Unpacking South Africa’s struggle with historical inequality and land reform South African flag

Kennedy Mavhumashava, [email protected]

A 2022 World Bank report, “Inequality in Southern Africa: An Assessment of the Southern African Customs Union,” named South Africa as the world’s most unequal nation.

Race, colonialism, apartheid, joblessness, wage inequality, poor education and lack of access to productive farmland rank high among the factors making the inequality high and stagnant in that country 28 years after majority rule.

Inequality in per capita consumption was about 50 percent higher than the average for upper-middle-income countries, according to the document.

“The country has made little progress in reducing inequality in recent years. The main sources of inequality are inequality of opportunity and disparities in factor markets, with the legacy of apartheid playing a major role and access to jobs and land being severely constrained and uneven,” it added.

A land audit report that was released in 2017 indicates that Whites, who constitute seven percent of the country’s population, own 26 663 144 hectares (ha) or 72 percent of the total 37 031 283 ha farm and agricultural holdings by individual landowners in that country. Coloureds are second at 5 371 383 ha or 15%, followed by Indians at 2 031 790 ha or 5 percent and Blacks, who make up 81 percent of the population at 1 314 873 ha or four percent.

The study further revealed that the largest size of farms and agricultural holdings in South Africa is owned by White individuals at 11 498 449 ha or 77 percent in the Northern Cape Province and that nowhere in the country is the share of whites less that than 53 percent. The largest size owned by Africans is 270 423 ha or 17 percent in KwaZulu-Natal; with the largest size for Indians being 746 820 ha or five percent in Northern Cape; and Coloureds with the largest size at 2 222 206 ha or 15 percent in Northern Cape.

Professor Mandivamba Rukuni, a land policy expert who advised South Africa’s government between 2016 and 2019, said the magnitude of land ownership imbalances in that country demands a solution.
“They have no choice, but it is not going to be easy,” he told Chronicle.

“Soon after they achieved independence, you would hardly find any South African who would say they want to go the Zimbabwe route (of compulsory land acquisition with no compensation) but when I was asked to advise the government on land reform from 2016 the situation was beginning to look like a few people were beginning to talk radical.”

To expedite greater equality in land ownership in his country, South African President Cyril Ramaphosa assented to the Expropriation Bill on January 23. The piece of legislation, a product of five years of public and parliamentary scrutiny, empowers the state to acquire land if such action is deemed to be in the public interest.

Large-scale Black land dispossession in South Africa started in earnest after the enactment of the Natives Land Act in 1913. The law allowed the White regime of the day to forcibly remove Blacks from their ancestral lands and limited ownership of the factor of production by indigenous people to seven percent and later 13 percent through the 1936 Native Trust and Land Act.

“The Act restricted black people from buying or occupying land,” the government says.
“The apartheid government began the mass relocation of black people to poor homelands and to poorly planned and serviced townships.
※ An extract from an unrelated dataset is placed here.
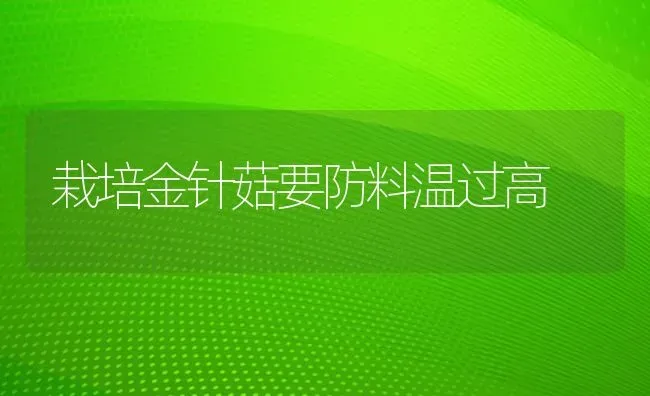 栽培金针菇要防料温过高 | 食用菌种植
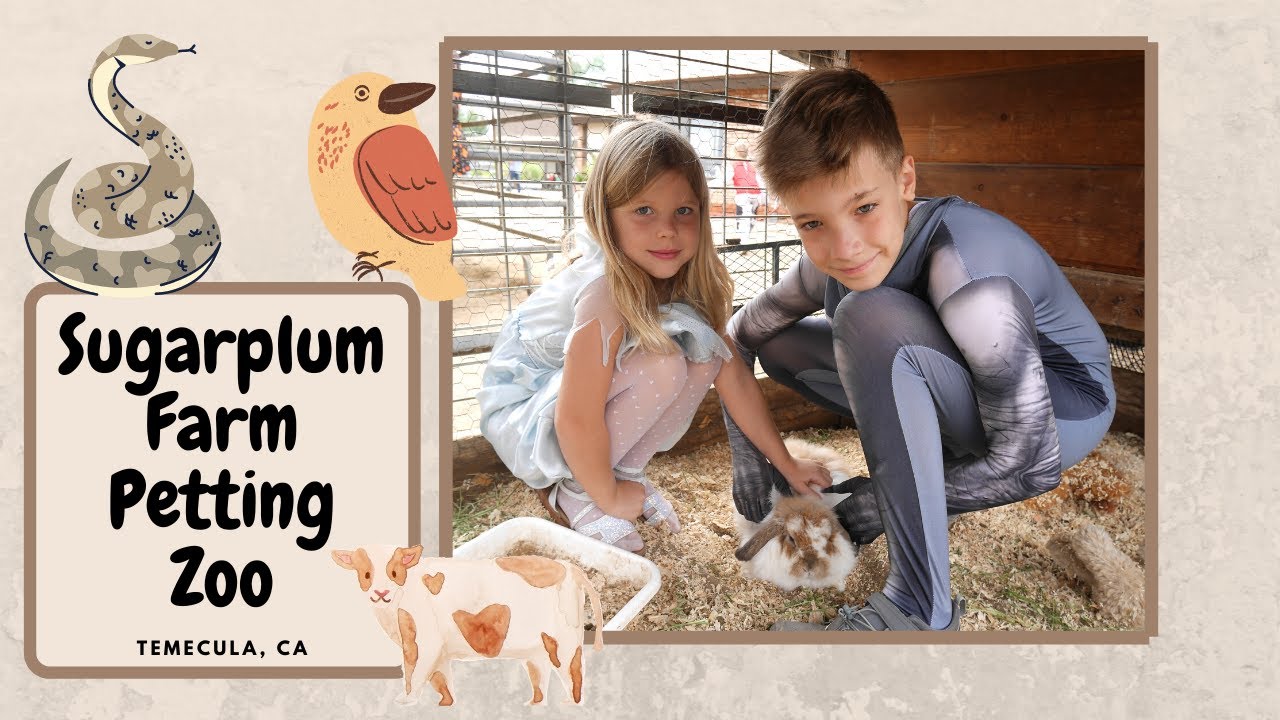Sugarplum Farm of Temecula Petting Zoo and Reptile Encounter Halloween event 2020 Reptiles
No longer able to provide for themselves and their families, people were forced to look for work far away from their homes. This marked the beginning of socio-economic challenges the country is facing today such as landlessness, poverty and inequality.”

The alienation worsened during apartheid from 1948 to the early 1990s. Blacks were forced to live in what were called Bantustans — 10 of them — where they were denied the right to freely own and use land.

South Africa’s pre and post-independence land ownership imbalance is comparable to Zimbabwe’s at both stages of its history.

At independence in 1980, about 5 000 Whites owned 15,5 million ha of the most fertile lands in Zimbabwe. A willing-buyer-willing-seller resettlement model that was to be used in the first 10 years of majority rule in terms of the Lancaster House Agreement failed to meet demand for the resource among Blacks. Also, the quality of land Whites were willing to put up for sale was poor, according to Zimbabweland.

A land donor conference that the government hosted in Harare in 1998 to raise money to pay for acquired land did not raise adequate resources for the programme. Two years later the revolutionary, fast-track land reform and redistribution programme started resulting in more than 380 000 Blacks being resettled on about 12 million ha of land that used to be held by 4 000 Whites.

South Africa’s Expropriation Act has triggered much debate in that country and abroad with the landed opposing it on one hand, and the landless backing it on the other.
The Democratic Alliance (DA), the country’s second biggest party after President Ramaphosa’s African National Congress (ANC) and member of the 11-party governing coalition, released a statement on January 25 declaring a dispute over his signing of the bill.

Mr John Steenhuisen, leader of the White-dominated DA and also the Minister of Agriculture, said his party objected to the law “in the strongest terms.”

On Sunday, US President, Mr Donald Trump claimed, that “certain classes of people” in South Africa were being treated “very badly.” Because of that, he threatened to cut off US funding for South Africa.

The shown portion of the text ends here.